Alors d’où vient le problème et que faire ? Pour Nardo Vicente, biologiste marin spécialiste mondial de la grande nacre, et Jean de Vaugelas, du laboratoire Ecomers de Nice, les facteurs de propagation ne sont pas encore bien cernés mais c’est la piste du réchauffement climatique qui est privilégiée. Car ce parasite aime bien les eaux chaudes et notre Méditerranée est justement de plus en plus chaude et de plus en plus profond.

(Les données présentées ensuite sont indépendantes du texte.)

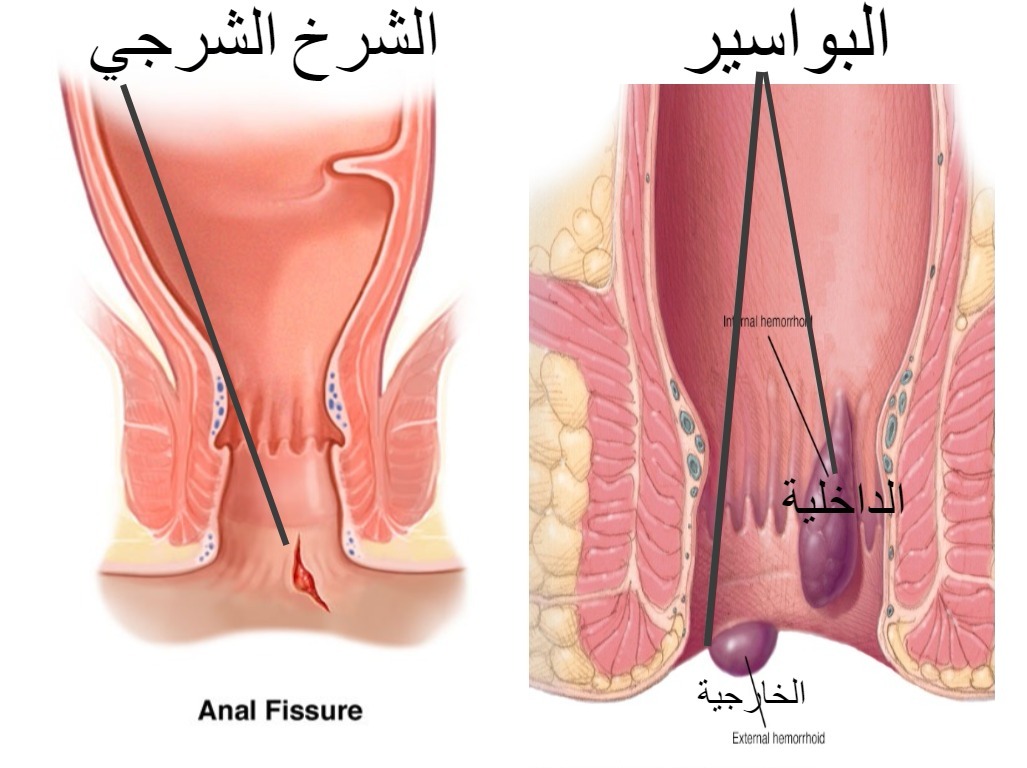 علاج الباسور الخارجي - طرق مختلفة لعلاج البواسير بالمنزل 2146 1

L’une des solutions expérimentales testées a été donc de déplacer des individus vers des zones profondes plus froides, comme récemment à Banyuls et Monaco mais les premiers résultats ne sont pas vraiment encourageants. Les nacres observées en étangs et lagunes, en milieu moins salé, semblent aussi moins impactées, un déplacement pourrait donc éventuellement s’y opérer.
Pour l’heure c’est surtout le suivi scientifique précis des mortalités qui importe, par les équipes de gestion des aires marines protégées de la région (Côte agathoise, parc marin du Golfe du Lion, réserve marine de Cerbère Banyuls) et l’aide des plongeurs bénévoles de Méditerranée qui restent les meilleures sentinelles à grande échelle !
La Grande Nacre avait déjà fait l’actualité de notre région pour sa présence assez peu désirée dans les ports de commerce et de plaisance de la région Occitanie. Aujourd’hui force est de constater que la Méditerranée n’est pas à l’abri de la disparition d’une espèce emblématique et qu’une gestion durable s’impose dans tous les sites où ce noble mollusque est encore vivant.

Renaud DUPUY DE LA GRANDRIVE

  • (1) Renaud Dupuy de la Grandrive est directeur du milieu marin de la ville d’Agde et de l’Aire marine protégée de la côte agathoise.